I guess this time they are just trying out a new style. They want to be pita bread with a million cargo pockets. Who I am I to judge some fashion forward pita bread?
Despite the lack of perfectly centered pockets, these guys are delicious. I just might be looking forward to my pita sandwich in tomorrow’s lunch already.
Recipe from The Fannie Farmer Baking Book
- 1 package dry yeast
- 1 1/2 cups warm water
- 2 t salt
- 1 T canola oil
- 3 1/2 – 4 cups all purpose flour
- Sprinkle yeast over warm water in a large bowl and let stand a few minutes to dissolve. When dissolved, add the salt, oil and 2 cups of the flour. Beat until the mixture is smooth. Gradually add enough of the remaining flour to make a manageable dough, then turn out onto a lightly floured surface.
- Knead the dough for about 10 – 12 minutes*, sprinkling on more flour as necessary to keep it from being too sticky. Continue kneading until it is smooth and elastic. Place in a large greased bowl, cover with a towel and let rise in a warm place until double in bulk (1-2 hours).
- Turn the dough out onto a floured surface and shape into a long, ropelike cylinder. Cut into twelve equal sections. Form each section into a smooth round about the size of a golf ball by gently pulling the sides down and pinching them together where they meet at the bottom. Set the balls aside on a floured surface and cover with a towel. Allow to rest for about 5 minutes.
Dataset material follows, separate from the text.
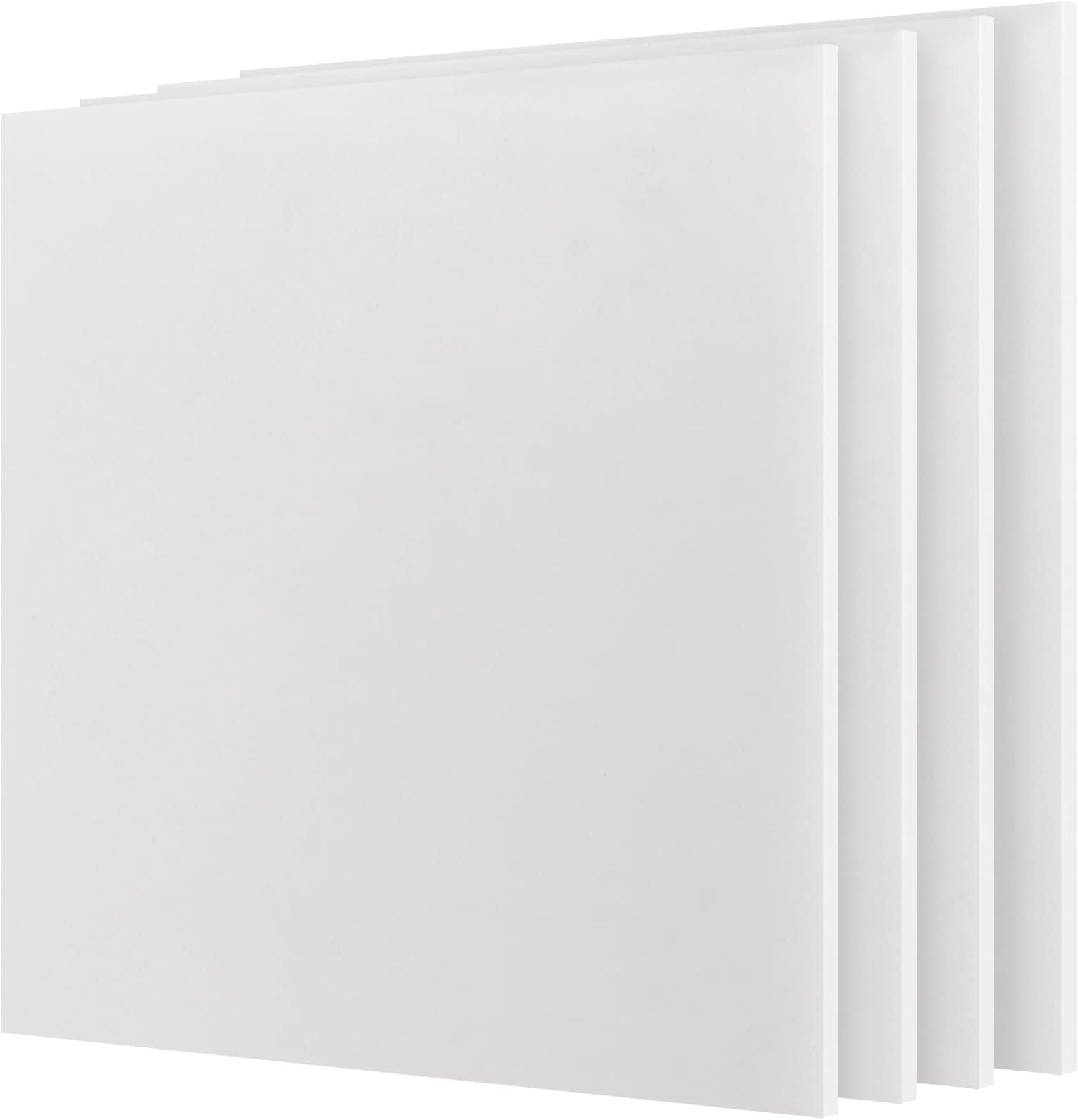 JOIKIT 4 Pack 10 x 10 Inch UHMW Polyethylene Sheets, 1/4 Inch Thick Ultra High Molecular Weight Opaque White Plastic Sheet for Home, Industrial, Automobile, Impact Resistant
- Use a rolling pin to roll each ball into a flat, pancake like disk about 6 inches across and less than 1/4 inch thick. As they are formed, set the disks aside on a floured surface and cover lightly with a towel. Don’t let them touch. Allow to rest for about 2o minutes before baking. These are baked in relays like cookies, depending on your oven setup. I cooked one at a time.
- In the meantime, preheat the oven to 500 degrees F and line the rack with a baking stone or tiles. (I used my pizza stone.) If you don’t have cooking tiles or a stone you can use a large iron skillet or iron griddle in the oven. The pita must be baked on a hot surface to obtain the maximum puff.
- Open the oven door and gently toss as many pita on the hot baking surface as will fit comfortably — they should not touch. You may be able to fit as many as six; if you are using a skillet or stone you might only have room for 1 or 2 at a time. Don’t open the door for 1 minute, then take a look. The disks will have puffed into high, rounded domes. Bake for 2 minutes in all, then remove them with a spatula and transfer to racks to cool; they will gradually deflate. Bake the remaining pita the same way.
- When completely cool, stack them and press down gently to remove the air. Store in tightly closed plastic bags in the refrigerator. Freeze if you plan to keep them longer than 2 days.
Recipe makes twelve 6-inch pitas. Mine made 11 of varying sizes around 6 inches. I’m hoping to have a kitchen scale someday so I can ensure then that they’ll be equal in size.
* I kneaded mine for a fraction of the 10-12 minutes … making sure that when I was done it was compact and elastic.